Missing matter in the Sun’s interior

It is often assumed that a structure’s surface can be appropriately represented as a two-dimensional area, completely flat and devoid of any depth.

However, in reality, two-dimensional surfaces do not exist in nature, if zoomed in sufficiently even the most seemingly flat surface has 3-dimensional structure. This can pose a problem when physics that have been formulated with two-dimensions are re-examined using a more realistic 3D model.

Just such a situation arose when astronomer Martin Asplund forewent the usual 2D model of the Sun’s surface, and instead used a supercomputer to model it as 3-dimensional surface. Asplund was hoping to formulate a more accurate model for analyzing spectral and seismological data to better understand the Sun’s interior.

Since the interior cannot be directly observed, sound and light emissions emanating from the Sun’s surface are a window into the interior. Asplund’s new model brought to light a fascinating, if not controversial revelation, the seismological and spectrophotometric data indicated that the Sun had significantly less heavy elements than was previously calculated (using the defunct 2D model).

Because light and sound pass through heavy elements (most every element past hydrogen is referred to as a metal by astronomers) differently than light elements like hydrogen and helium, the Asplund’s updated calculations suggested a highly different chemical composition for the Sun—essentially the now absentee heavy elements account for several billion megatonnes of missing matter (the equivalent of around 1500 Earths).

The solution to the seeming conundrum is to posit that there is some form of matter at the center of the Sun—about 1027 kilograms of it—that does not behave like ordinary states of matter. Perhaps under the extreme temperatures and pressures of the interior region matter takes on different quantum properties, and has altered opacity or acoustic resonances.

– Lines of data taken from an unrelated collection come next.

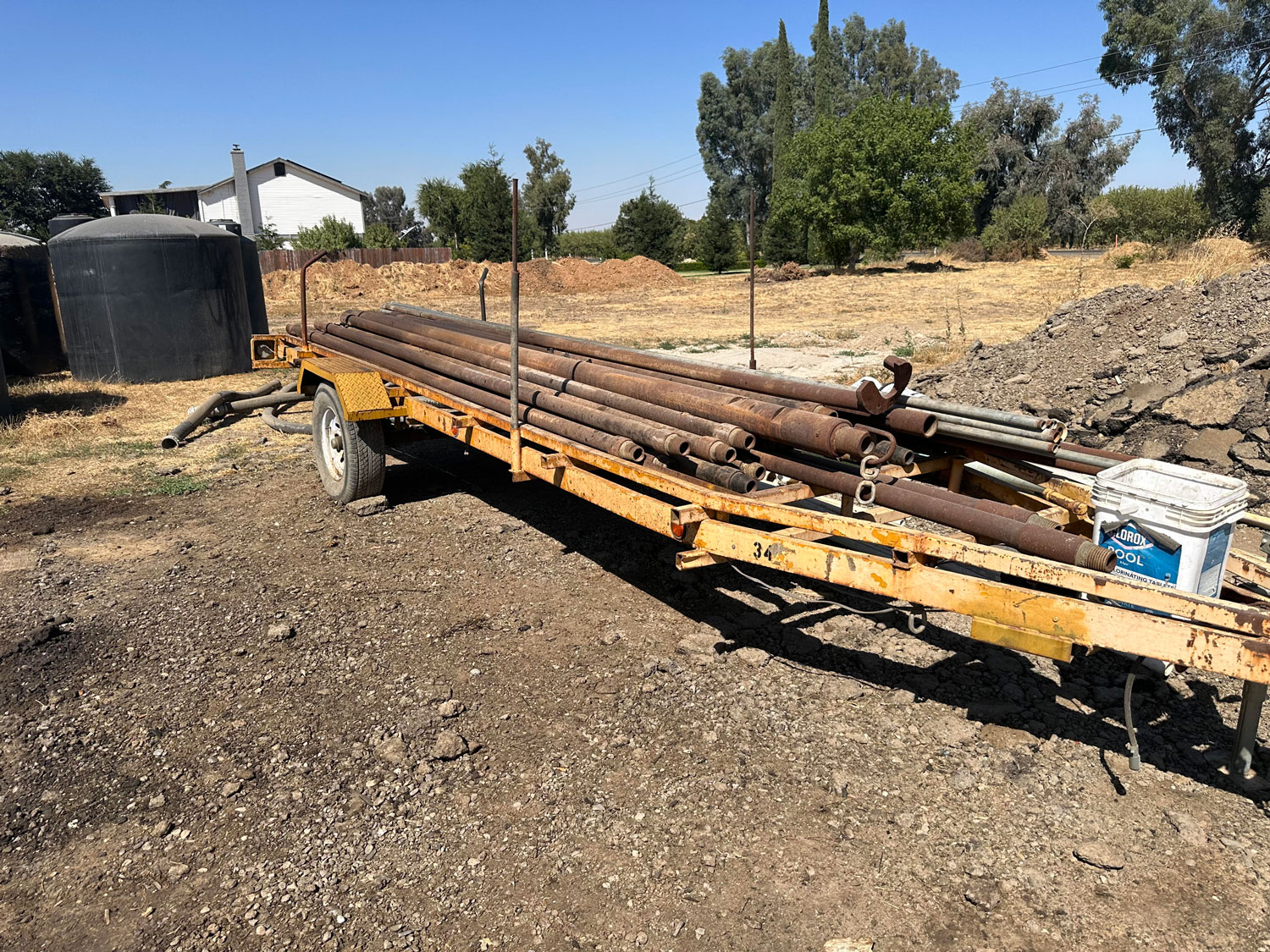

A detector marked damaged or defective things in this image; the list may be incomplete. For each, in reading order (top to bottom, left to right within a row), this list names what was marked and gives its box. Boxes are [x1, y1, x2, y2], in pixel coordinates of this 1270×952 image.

rusty steel pipe [298, 250, 333, 350]
rusty steel pipe [295, 327, 645, 465]
rusty steel pipe [318, 325, 696, 459]
rusty steel pipe [378, 302, 894, 414]
rusty steel pipe [752, 449, 1113, 574] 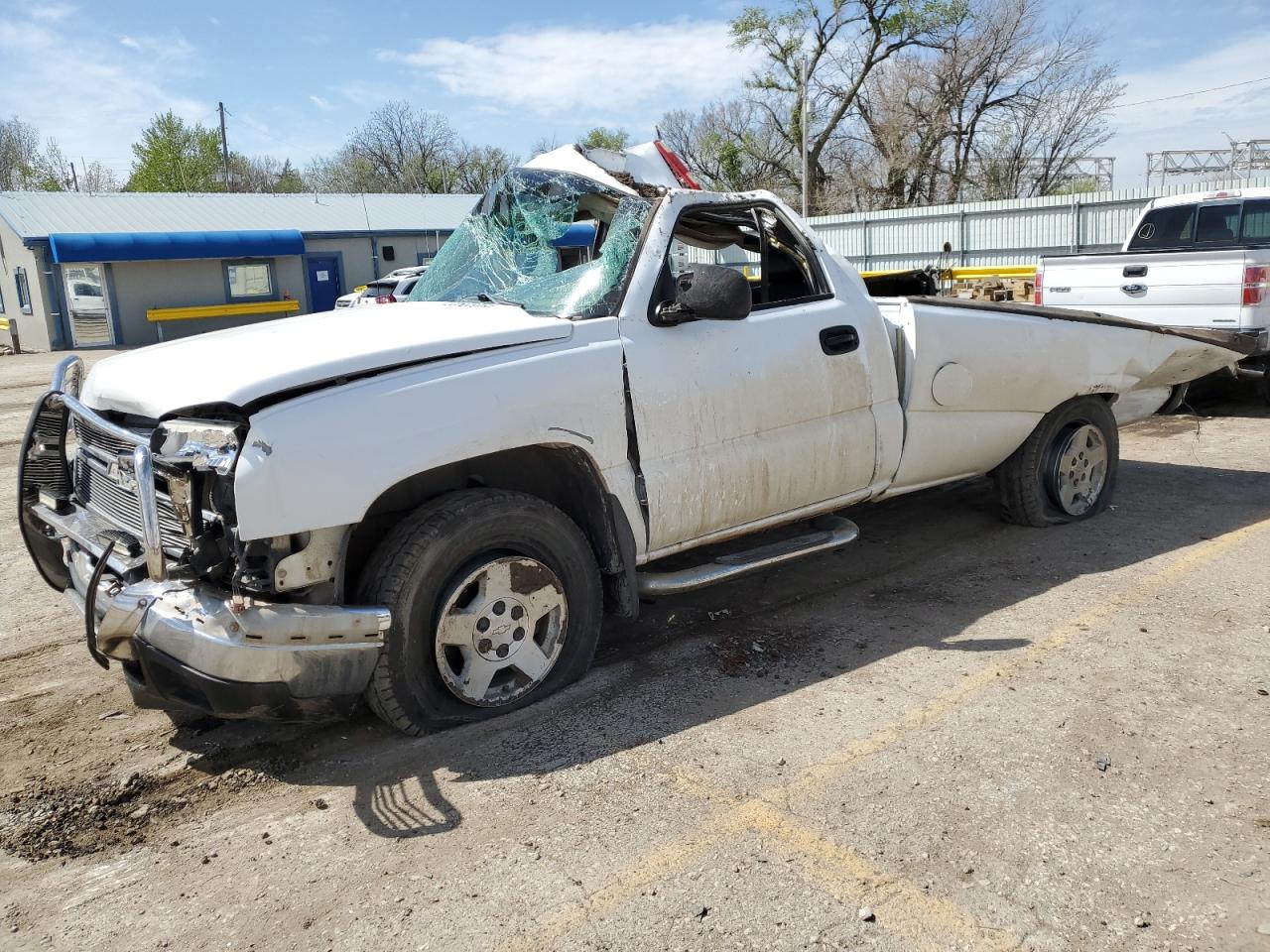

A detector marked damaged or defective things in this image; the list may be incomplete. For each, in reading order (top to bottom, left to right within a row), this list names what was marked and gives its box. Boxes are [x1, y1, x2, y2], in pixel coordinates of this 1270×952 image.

Jim Bailey, at Sandia National Laboratories in New Mexico, seemed to confirm that this is indeed possible when he used the Z Pulsed Power Facility, or Z machine, to expose matter to temperatures and pressures equivalent to those found at certain locations within the Sun’s interior. Bailey found that his opacity measurements under these conditions indicated that matter may absorb and transmit light, and perhaps sound as well, differently when under conditions that deviate far from “normal” laboratory environments.

Another potential explanation is that some form of dark matter is at the center of the Sun, accounting for the mass yet only weakly interacting with the propagating phononic and photonic emissions. The exact nature of dark matter remains a mystery, several proposals have ranged from new sources of matter like weakly interacting massive particles (WIMPS), axions, to primordial black holes and superfluid dynamics of spacetime. Further analysis and supercomputer modeling may begin to reveal what lies in the Sun’s interior, but for now all that is certain is that the conventional model is not offering explanations that match observations.